Helga Hoffmann

Karen Staal – Karen’s solo show at the Rogue Gallery in Medford, Oregon.

Políticos populistas, de qualquer tendência, dependem mais que os outros do seu faro político, da capacidade de captar certas tendências do momento e criar a partir delas um relato distorcido que cola nelas o significado que mais lhes convém. O ex-presidente Lula nesse sentido é genial, captou a ansiedade do atual movimento contra a corrupção: “todo dia, todo santo dia, tem alguém dizendo, agora vão prender fulano, vai delatar o Lula… prenderam o Papa, vai delatar o Lula… sabe o que é levantar todo dia achando que a imprensa vai estar na porta de casa porque eu vou ser preso?”. Só vendo o vídeo! É necessária uma boa dose de tradição empírica e respeito a dados e fatos para argumentar contra essa tese de “perseguido político”. E isso que ele já passou da fase de mero “delatado”, já é “réu” em vários processos. No caso, há dados que qualquer um que queira pode averiguar.

É verdade que tem muita gente com pressa, é verdade que tem página de Facebook que anuncia a prisão de Lula quase todo dia. A pressa, ainda que não de modo explícito, talvez se deva ao fato de que Lula, sem qualquer compromisso com a verdade, vai dar muito trabalho na eleição de 2018. Isso não é novidade. A novidade é que, passada a prolongada discussão do impeachment e finalmente formado o governo Temer, ampliou-se cada vez mais a lista de delatados ou dos que aparecem em listas dos que poderão vir a ser delatados. “Todo dia, todo santo dia” aparece um nome novo. O mais grave é que, sobretudo desde a famosa “lista do Janot”, tem muita gente que quer e acha que pode substituir a “classe política” toda, sobretudo a parte que participa do governo Temer. Não querem saber de “pinguela” para levar o país até as eleições de 2018: querem derrubar desde já a ponte evidentemente frágil, que entendem ou descrevem como sendo apenas a sobrevivência da “velha classe política”. De forma quase mística pressupõem que de repente vai aparecer da mesma sociedade que engendrou a “velha classe” uma “nova classe” de pessoas oriundas dessa mesma sociedade, mas diferentes.

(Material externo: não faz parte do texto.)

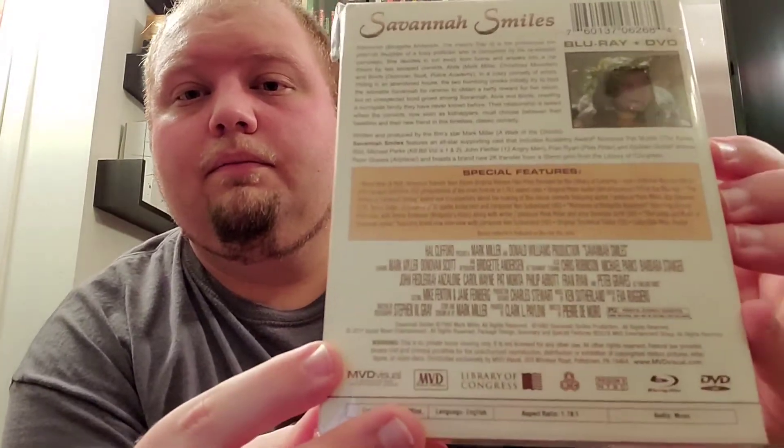Their fourth release was a really, really good movie. If you haven't seen this, I really recommend it. It's definitely a family-friendly movie, but it's so, so good. I really recommend it. And that is Savannah Smiles. Really, really liked that one.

“Fora Temer” é desde o início uma campanha de petistas, seus satélites e simpatizantes. Qualquer que seja o pretexto do momento (e a lista é longa, vai desde suas ideias conservadoras sobre a família, à nomeação de um Ministro do STF, passando pelo número de citados em delações premiadas que estão no governo, e agora as “reformas contra os pobres”), o núcleo central dessa campanha foi de derrotados na discussão sobre o impeachment, e “fora Temer” está embaralhado com a narrativa daqueles que alegam cegamente que o afastamento de Madame Rousseff foi um golpe. E continuam difundindo essa falsidade, como o faz a ex-presidente em “campanha contra o golpe” no exterior. É pedir demais, é claro, que os órfãos de Madame Rousseff leiam as cento e tantas páginas do relatório do Senador Antônio Anastasia, que fundamentaram a votação em favor do impeachment. Ou leiam “Anatomia de um Desastre: Os bastidores da crise econômica que mergulhou o país na pior recessão de sua história”, dos jornalistas Claudia Safatle, João Borges e Ribamar Oliveira – para citar apenas duas argumentações complementares.

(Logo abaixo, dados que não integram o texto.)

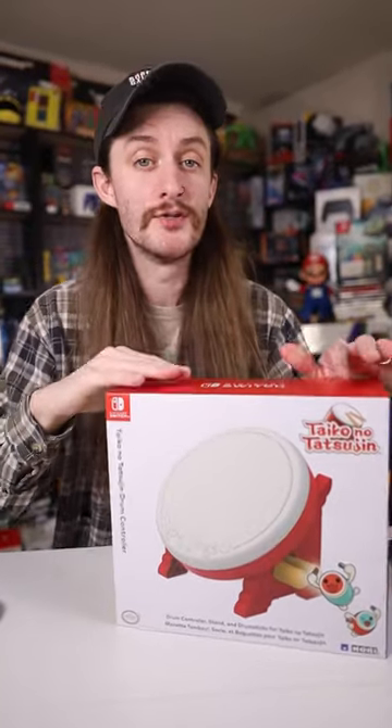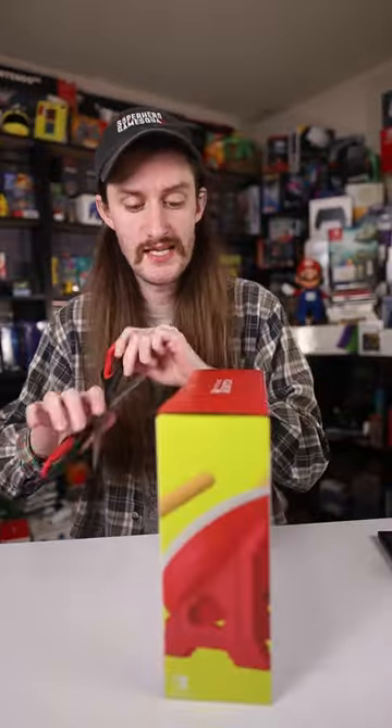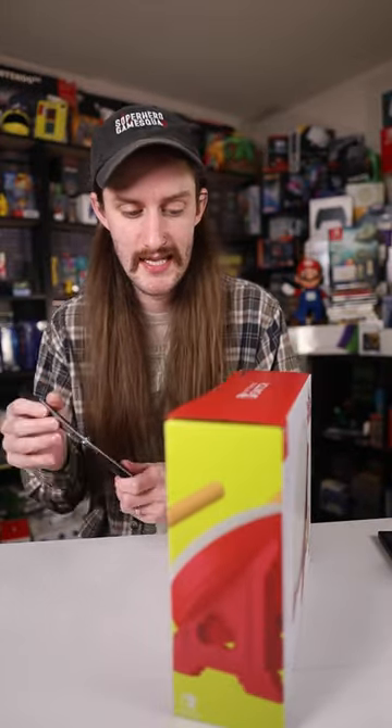Let's go ahead and unbox the Taiko No Tatsujin drum controller from Hori for the Nintendo Switch. This looks like it's going to be an absolutely amazing game.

”Fora Temer” foi o que sobrou como estratégia para petistas depois de sua espantosa derrota eleitoral em 2016. “Fora Temer” agora está embaralhado com a resistência às reformas, é neste momento quase idêntico aos protestos contra a reforma da Previdência. E “fora Temer” é olhado com simpatia e até apoiado pelos que declaram seu horror à “velha classe política”. Estas são motivações compreensíveis para os que engrossam uma campanha contra o governo Temer em seu conjunto.

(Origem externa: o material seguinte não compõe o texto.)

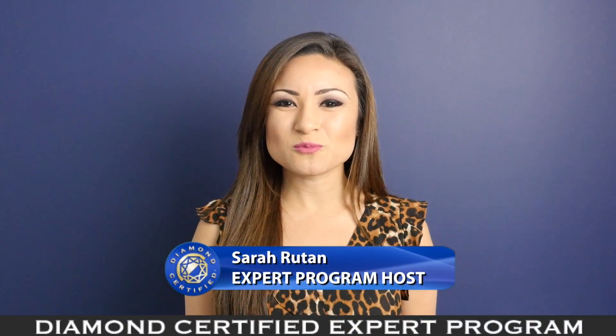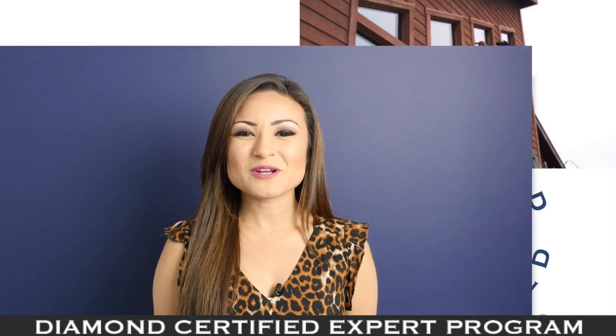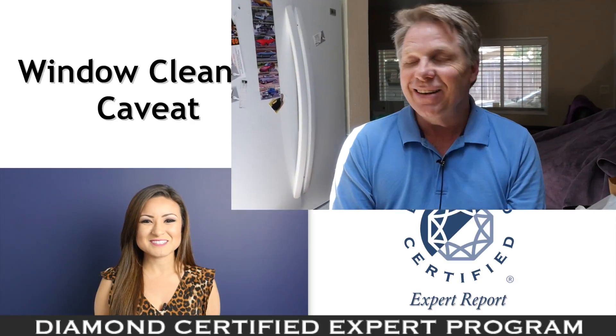When it comes to cleaning your home's windows, there's one common mistake you'll want to avoid. Today we're in Cloverdale with Diamond Certified Expert Contributor Bruce Elliott of Squeegee Master to learn more.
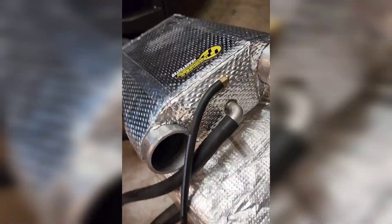Here I have the water-to-air intercooler temporarily relocated to test for leaks. The auto bleeder seems to be working.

Qualquer um tem direito de não gostar do governo Temer. A maior desonestidade intelectual, no entanto, a maior distorção dos fatos, vem dos economistas que afirmam que a recessão e o desemprego foram criados pelo governo Temer. E mais: que as medidas de política econômica que estão sendo tomadas pelo governo Temer estão gerando a recessão. É a mesma turma que já afirmava que a contenção de gastos proposta por Joaquim Levy estava produzindo a recessão. Alguns desses defensores da “Nova Matriz Econômica” implementada por Dilma Rousseff são até professores universitários, e alguns chegam a apresentar-se com uma fachada técnica, ao afirmar que apenas têm um diagnóstico diferente das origens da crise fiscal. O objetivo dessa empulhação é sempre o de convencer os eleitores que a maior recessão da história econômica do Brasil e um desemprego de mais de 12 milhões, que o fato de estarmos há dois anos sem gerar novos empregos formais, não foram causados pelos erros de política econômica e de políticas públicas dos últimos governos do PT e de sua assessoria.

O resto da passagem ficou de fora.